■ Data ■
******

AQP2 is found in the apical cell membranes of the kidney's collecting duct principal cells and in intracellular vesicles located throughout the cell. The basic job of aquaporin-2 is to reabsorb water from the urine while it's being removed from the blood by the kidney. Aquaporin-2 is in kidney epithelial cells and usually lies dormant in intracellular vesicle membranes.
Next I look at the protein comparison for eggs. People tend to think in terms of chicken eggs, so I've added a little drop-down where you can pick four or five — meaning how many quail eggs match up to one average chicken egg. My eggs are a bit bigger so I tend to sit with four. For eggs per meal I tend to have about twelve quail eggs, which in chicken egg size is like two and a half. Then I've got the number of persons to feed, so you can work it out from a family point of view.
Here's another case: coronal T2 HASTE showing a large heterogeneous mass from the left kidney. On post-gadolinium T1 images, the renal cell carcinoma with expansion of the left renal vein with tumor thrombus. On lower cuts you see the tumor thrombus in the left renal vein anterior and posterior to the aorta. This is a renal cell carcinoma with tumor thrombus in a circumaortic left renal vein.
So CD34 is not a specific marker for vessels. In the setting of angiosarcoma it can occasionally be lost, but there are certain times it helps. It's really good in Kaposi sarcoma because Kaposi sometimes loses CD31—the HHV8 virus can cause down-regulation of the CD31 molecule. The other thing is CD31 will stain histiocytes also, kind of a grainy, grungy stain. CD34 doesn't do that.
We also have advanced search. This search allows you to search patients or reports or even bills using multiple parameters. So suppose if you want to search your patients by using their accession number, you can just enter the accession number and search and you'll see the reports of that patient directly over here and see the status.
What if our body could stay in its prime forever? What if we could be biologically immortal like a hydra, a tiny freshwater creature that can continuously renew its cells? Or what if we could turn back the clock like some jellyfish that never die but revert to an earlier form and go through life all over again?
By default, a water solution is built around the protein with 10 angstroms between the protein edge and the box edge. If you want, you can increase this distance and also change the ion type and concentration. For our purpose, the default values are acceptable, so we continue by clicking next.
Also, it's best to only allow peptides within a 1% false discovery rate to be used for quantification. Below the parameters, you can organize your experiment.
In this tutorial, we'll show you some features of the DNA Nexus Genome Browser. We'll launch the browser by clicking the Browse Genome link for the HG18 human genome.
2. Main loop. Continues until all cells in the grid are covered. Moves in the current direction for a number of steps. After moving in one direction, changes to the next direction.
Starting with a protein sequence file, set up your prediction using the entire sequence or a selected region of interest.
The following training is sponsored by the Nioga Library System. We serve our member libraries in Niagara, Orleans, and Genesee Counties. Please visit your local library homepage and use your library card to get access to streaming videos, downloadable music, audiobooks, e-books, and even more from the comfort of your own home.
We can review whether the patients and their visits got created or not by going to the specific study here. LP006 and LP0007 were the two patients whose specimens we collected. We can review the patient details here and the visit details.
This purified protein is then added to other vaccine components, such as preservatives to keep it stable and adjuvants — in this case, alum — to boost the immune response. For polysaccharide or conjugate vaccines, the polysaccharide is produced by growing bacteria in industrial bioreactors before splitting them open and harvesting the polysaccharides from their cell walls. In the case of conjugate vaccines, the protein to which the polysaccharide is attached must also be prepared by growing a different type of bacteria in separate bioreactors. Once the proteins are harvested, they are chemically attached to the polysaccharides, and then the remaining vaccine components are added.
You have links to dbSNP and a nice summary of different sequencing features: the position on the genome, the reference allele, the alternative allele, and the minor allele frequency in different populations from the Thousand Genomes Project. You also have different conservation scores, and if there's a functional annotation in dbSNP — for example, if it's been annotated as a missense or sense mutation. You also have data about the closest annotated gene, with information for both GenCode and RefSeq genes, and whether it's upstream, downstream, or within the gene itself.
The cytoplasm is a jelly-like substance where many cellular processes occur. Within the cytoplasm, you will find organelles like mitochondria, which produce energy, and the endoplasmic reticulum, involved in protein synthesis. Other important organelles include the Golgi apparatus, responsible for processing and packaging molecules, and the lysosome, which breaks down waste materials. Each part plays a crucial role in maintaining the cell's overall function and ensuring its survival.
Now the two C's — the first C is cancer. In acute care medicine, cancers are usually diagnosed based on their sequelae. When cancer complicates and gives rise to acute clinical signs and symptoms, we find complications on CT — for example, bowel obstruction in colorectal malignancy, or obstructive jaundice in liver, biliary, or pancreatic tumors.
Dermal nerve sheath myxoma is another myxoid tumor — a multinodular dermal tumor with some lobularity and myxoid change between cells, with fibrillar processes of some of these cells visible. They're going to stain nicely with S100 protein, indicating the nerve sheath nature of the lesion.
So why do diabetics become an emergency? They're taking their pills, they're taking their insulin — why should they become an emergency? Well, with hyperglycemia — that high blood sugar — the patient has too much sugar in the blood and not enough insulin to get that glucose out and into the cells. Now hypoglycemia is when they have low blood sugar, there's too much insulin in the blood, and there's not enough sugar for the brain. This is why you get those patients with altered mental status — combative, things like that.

******

■ What is being asked ■
Repeat, character for character, the lines of the material above from the line with "By default, a" through the line with "We can review whether".

■ Answer to this task ■
By default, a water solution is built around the protein with 10 angstroms between the protein edge and the box edge. If you want, you can increase this distance and also change the ion type and concentration. For our purpose, the default values are acceptable, so we continue by clicking next.
Also, it's best to only allow peptides within a 1% false discovery rate to be used for quantification. Below the parameters, you can organize your experiment.
In this tutorial, we'll show you some features of the DNA Nexus Genome Browser. We'll launch the browser by clicking the Browse Genome link for the HG18 human genome.
2. Main loop. Continues until all cells in the grid are covered. Moves in the current direction for a number of steps. After moving in one direction, changes to the next direction.
Starting with a protein sequence file, set up your prediction using the entire sequence or a selected region of interest.
The following training is sponsored by the Nioga Library System. We serve our member libraries in Niagara, Orleans, and Genesee Counties. Please visit your local library homepage and use your library card to get access to streaming videos, downloadable music, audiobooks, e-books, and even more from the comfort of your own home.
We can review whether the patients and their visits got created or not by going to the specific study here. LP006 and LP0007 were the two patients whose specimens we collected. We can review the patient details here and the visit details.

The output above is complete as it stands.